[Collected data]
┌────────
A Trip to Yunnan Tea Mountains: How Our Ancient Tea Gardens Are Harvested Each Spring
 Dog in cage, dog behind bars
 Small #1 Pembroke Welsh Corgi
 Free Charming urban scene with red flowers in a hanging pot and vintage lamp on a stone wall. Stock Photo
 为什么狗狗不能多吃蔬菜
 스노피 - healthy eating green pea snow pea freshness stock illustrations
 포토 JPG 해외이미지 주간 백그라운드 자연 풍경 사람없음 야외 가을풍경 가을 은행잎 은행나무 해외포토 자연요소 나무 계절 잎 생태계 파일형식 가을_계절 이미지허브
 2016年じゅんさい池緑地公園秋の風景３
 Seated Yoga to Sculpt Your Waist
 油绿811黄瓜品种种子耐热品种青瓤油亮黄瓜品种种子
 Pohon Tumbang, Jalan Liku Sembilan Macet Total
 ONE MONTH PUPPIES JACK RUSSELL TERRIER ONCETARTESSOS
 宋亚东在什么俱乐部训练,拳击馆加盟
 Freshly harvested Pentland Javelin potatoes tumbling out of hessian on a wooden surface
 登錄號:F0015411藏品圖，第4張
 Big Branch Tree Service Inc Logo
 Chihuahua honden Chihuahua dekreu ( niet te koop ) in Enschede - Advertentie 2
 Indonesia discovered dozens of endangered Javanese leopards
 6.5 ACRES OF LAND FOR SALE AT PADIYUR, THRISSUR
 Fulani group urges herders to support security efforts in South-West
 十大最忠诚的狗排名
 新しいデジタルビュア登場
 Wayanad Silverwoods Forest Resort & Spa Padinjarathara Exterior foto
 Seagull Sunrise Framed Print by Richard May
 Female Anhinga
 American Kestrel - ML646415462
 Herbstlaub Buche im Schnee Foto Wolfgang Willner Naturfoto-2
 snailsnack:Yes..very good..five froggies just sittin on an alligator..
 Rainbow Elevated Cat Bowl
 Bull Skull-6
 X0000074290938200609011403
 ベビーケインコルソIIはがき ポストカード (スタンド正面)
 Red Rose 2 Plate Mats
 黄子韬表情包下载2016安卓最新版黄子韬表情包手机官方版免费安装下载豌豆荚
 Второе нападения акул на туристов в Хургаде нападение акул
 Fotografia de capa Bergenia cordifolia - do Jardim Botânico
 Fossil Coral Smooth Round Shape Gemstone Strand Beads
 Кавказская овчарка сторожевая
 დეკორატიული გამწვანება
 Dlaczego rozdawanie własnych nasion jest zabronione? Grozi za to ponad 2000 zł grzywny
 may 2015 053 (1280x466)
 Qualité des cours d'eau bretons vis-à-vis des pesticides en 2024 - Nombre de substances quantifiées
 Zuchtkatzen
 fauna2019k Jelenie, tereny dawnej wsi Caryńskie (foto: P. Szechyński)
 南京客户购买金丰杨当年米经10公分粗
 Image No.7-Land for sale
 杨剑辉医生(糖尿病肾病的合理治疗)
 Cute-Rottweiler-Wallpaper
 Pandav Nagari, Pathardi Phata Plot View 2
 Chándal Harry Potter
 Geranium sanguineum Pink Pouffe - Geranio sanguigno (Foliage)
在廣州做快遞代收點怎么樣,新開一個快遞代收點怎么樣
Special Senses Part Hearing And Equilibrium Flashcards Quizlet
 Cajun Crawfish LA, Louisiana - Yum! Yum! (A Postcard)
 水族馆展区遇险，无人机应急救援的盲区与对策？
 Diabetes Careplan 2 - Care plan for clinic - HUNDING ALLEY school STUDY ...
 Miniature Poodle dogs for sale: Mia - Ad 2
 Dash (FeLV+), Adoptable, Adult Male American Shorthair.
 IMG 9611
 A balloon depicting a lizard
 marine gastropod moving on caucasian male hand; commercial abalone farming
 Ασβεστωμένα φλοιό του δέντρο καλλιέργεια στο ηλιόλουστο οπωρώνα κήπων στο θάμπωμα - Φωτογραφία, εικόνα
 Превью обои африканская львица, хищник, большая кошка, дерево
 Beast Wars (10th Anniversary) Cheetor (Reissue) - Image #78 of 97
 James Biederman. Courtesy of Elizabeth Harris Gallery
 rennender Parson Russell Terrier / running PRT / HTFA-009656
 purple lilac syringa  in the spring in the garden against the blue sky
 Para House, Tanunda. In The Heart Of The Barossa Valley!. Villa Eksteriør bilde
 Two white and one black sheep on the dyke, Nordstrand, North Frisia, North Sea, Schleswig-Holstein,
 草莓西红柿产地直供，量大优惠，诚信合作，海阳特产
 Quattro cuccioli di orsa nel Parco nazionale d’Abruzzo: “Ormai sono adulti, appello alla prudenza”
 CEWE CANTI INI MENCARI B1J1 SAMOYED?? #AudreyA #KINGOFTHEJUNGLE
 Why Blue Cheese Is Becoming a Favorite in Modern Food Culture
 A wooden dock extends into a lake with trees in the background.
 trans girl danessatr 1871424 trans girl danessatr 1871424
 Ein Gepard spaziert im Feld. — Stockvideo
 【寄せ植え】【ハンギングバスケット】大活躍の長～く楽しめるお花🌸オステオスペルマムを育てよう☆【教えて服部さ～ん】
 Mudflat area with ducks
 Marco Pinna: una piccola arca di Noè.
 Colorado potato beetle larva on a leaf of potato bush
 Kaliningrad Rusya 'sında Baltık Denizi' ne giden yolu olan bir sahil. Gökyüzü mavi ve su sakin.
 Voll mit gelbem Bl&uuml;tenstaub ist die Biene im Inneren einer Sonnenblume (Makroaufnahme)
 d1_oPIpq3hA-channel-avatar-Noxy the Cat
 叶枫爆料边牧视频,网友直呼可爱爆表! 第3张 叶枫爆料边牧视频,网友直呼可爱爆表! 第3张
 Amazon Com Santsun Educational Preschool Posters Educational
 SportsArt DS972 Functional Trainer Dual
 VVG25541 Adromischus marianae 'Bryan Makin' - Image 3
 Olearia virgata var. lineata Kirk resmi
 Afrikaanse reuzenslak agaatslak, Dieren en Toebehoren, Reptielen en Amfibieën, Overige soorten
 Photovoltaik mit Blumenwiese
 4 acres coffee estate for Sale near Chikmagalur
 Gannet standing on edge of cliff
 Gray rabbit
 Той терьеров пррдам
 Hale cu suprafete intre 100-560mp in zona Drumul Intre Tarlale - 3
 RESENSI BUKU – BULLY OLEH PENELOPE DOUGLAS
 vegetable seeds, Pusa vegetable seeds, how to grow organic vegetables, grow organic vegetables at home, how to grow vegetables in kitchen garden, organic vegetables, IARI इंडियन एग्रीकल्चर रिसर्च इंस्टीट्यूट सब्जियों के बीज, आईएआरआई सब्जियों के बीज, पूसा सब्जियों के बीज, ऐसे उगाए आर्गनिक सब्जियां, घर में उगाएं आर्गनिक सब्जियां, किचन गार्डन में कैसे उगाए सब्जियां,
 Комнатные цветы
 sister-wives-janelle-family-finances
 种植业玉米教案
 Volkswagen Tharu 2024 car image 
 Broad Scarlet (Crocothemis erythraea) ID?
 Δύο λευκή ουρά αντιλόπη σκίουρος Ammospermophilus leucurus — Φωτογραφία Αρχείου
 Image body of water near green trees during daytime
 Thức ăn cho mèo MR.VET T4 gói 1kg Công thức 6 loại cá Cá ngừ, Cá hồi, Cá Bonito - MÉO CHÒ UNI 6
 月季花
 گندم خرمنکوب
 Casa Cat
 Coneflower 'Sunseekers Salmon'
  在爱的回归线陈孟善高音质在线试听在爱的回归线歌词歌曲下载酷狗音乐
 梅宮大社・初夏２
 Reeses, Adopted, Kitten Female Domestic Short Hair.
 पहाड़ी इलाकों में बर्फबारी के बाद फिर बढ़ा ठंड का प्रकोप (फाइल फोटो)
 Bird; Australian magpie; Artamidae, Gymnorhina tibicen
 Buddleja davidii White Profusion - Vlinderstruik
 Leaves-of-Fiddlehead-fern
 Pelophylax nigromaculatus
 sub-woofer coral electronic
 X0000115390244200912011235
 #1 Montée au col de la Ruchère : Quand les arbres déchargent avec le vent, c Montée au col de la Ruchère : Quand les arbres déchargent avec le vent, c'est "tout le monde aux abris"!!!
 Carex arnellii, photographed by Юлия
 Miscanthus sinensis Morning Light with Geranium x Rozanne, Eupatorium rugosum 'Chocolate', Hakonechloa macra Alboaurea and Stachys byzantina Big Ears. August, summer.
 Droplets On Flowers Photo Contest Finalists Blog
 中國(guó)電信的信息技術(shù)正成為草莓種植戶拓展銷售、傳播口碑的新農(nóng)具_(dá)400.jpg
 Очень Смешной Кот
└────────
• _THE TASK_
The lines above from the one containing "Fulani group urges" through the one containing "Fotografia de capa" are to be set down exactly, and no others.

• _REPLY TO THE EXERCISE_
 Fulani group urges herders to support security efforts in South-West
 十大最忠诚的狗排名
 新しいデジタルビュア登場
 Wayanad Silverwoods Forest Resort & Spa Padinjarathara Exterior foto
 Seagull Sunrise Framed Print by Richard May
 Female Anhinga
 American Kestrel - ML646415462
 Herbstlaub Buche im Schnee Foto Wolfgang Willner Naturfoto-2
 snailsnack:Yes..very good..five froggies just sittin on an alligator..
 Rainbow Elevated Cat Bowl
 Bull Skull-6
 X0000074290938200609011403
 ベビーケインコルソIIはがき ポストカード (スタンド正面)
 Red Rose 2 Plate Mats
 黄子韬表情包下载2016安卓最新版黄子韬表情包手机官方版免费安装下载豌豆荚
 Второе нападения акул на туристов в Хургаде нападение акул
 Fotografia de capa Bergenia cordifolia - do Jardim Botânico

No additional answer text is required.